# Brewing Water



## amiddler (2/11/10)

The water here in Geraldton is quite hard, shower heads need changing every couple of years from calcium and lime build up and I was finding the taste of my hops very harsh. I have not got a Gero water report yet, on the things to do list. Even a Pilsner bittered to 25IBU tasted alot more bitter and quite harsh to drink. Anyway was talking to a fellow brewer and have done a few brews with 50% rain water, thanks Nev. Tasted the last and even with it bittered to 32IBU it was quite plesant.

The question is where does the water need to be 50/50? In the mash to balance the Ph, in the kettle for hop isomerisation or over all? I was doing 50L brews topping up with about 12L of scheme water in the fermenter due to only having a 50L kettle. I was aiming for the water to be 50/50 over all and this ment the boil had more rain water than scheme. Does it matter as long as I get constant results? 

Do others use rain water pre boil and if so how do they do it? I have put an RO unit on the wish list but just ordered a pool table for Christmas so maybe an RO unit for my next Birthday :icon_cheers: 

Drew


----------



## Banshee (2/11/10)

So you make an awsome stout?


----------



## amiddler (2/11/10)

Yes actually. First prize in this years local AG show :drinks: 
So a couple of half cut cockies thaught it was OK.

Drew


----------



## felten (3/11/10)

Well the sulphate/chloride salts affect the flavour in the final product, both perceived hop and malt taste, so in theory you could dilute at any time for altering the flavour profile. 

But the calcium/carbonates affect the pH which in turn affects your mash efficiency and hop isomerisation.

so TLDR, in the mash.


----------



## amiddler (3/11/10)

Sorry Felten, have to help me out, what does TLDR mean?

I have dropped back to 36L batches due to the bar being full so I can also do a perfect 50/50 scheme and rain water of both my mash and sparge water at the moment.

I have read that a high Ph during the sparge is most likely to extract tannins. Would rain water help keep this Ph down during the sparge due to the lack of ions or would it make it worse? Just thinking I can sparge with rain water and keep the mash water scheme as I like the malt of my beers but not the harsh bitterness.

Drew


----------



## BOG (3/11/10)

I adjust Sydney water to add salts etc at mash in for English bitters. The beersmith software calculates water additives at mash in.

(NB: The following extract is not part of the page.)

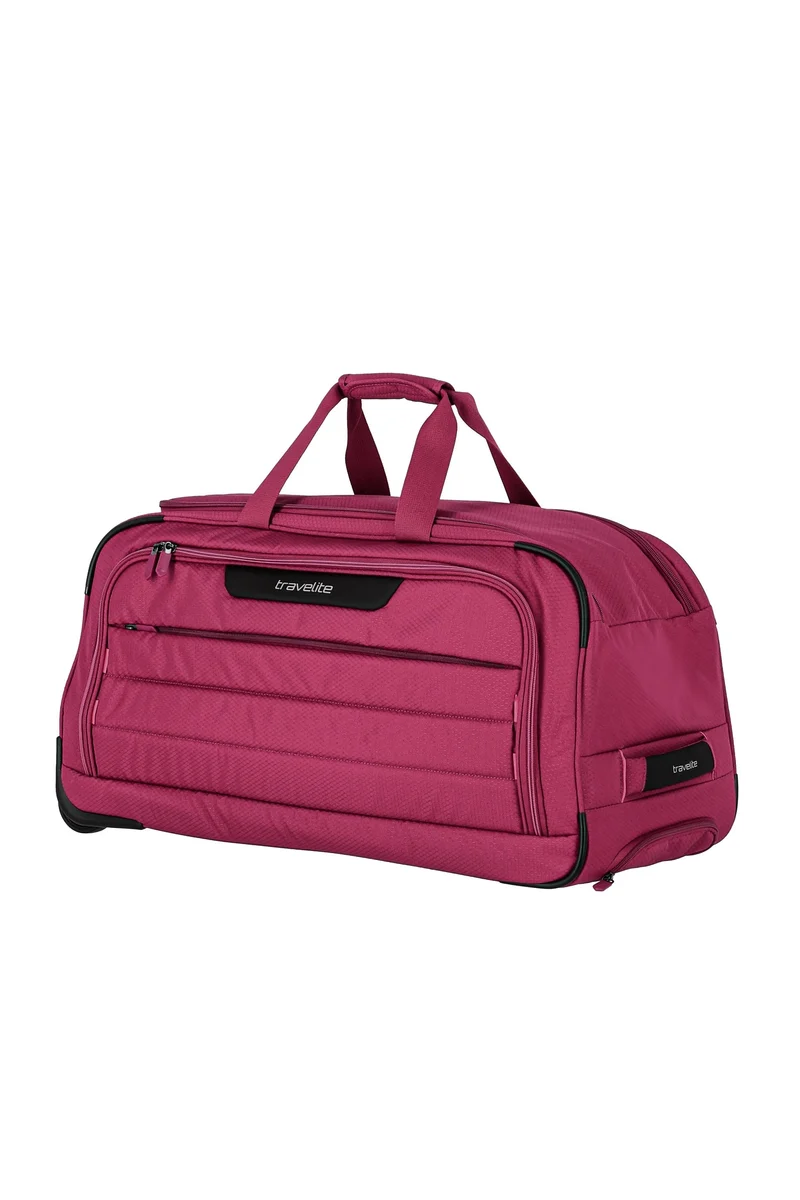 Travelite SKAII Rollenreisetasche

I'd work on softening the water at mash in times.

Alternatively you could brew english bitters all the time and hit the mark each time with you existing water profile.


BOG


----------



## felten (3/11/10)

http://en.wiktionary.org/wiki/TLDR


----------



## Kieren (3/11/10)

Drew said:


> Sorry Felten, have to help me out, what does TLDR mean?
> 
> I have dropped back to 36L batches due to the bar being full so I can also do a perfect 50/50 scheme and rain water of both my mash and sparge water at the moment.
> 
> ...



I try to look at adding salts at two stages during a brew - first the mash - to ensure correct mash pH - then for overall water volume, added to the boil to adjust the chloride:sulphide ratio to suit style.

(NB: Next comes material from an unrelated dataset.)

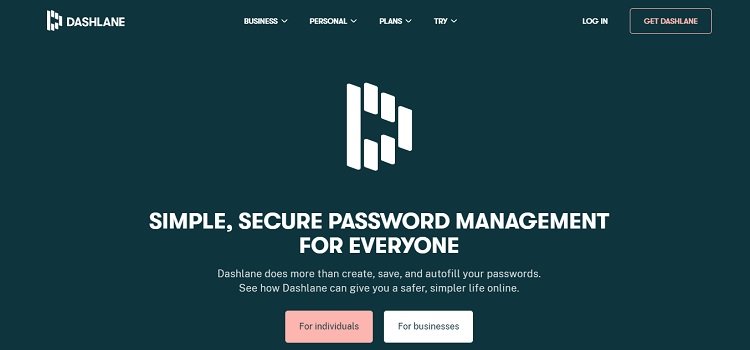 Dashlane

If brewing a style that needs a water that is much softer than my source water I will - 

dilute my source water with rain water or spring water (of known mineral levels)

and/or

sparge with the softer water - rain water or spring water - to reduce the potential of the pH rising during the sparge.

My local water is about 50 alk as CaCO3 so for anything lighter than an amber I tend to dilute my source water.



If you haven't already, check out the brewing network.com brew strong series on water - http://thebrewingnetwork.com/shows/Brew-Strong/search/water

I am sure there are many other sources for info on water chemistry - such an involved and complex subject in itself.

More experienced brewers may have better/different advice - please correct me if i am wrong!

General advice - brew the beers that best suit your water - I find amber ales suit my water great. Though drinking stouts all year round will boring - especially in the middle of summer.


----------



## MHB (4/11/10)

Until you get the water report its all guesswork, you need to know whats in the water to know whether to add or dilute (or a combination of both).

MHB


----------



## SanDiegoBrewer (4/11/10)

Dude! just brew big hoppy beers with less bittering hops.. you have a good problem. RO is awesome to use with just a small blend of street water to give some minerals but you have the perfect English water


----------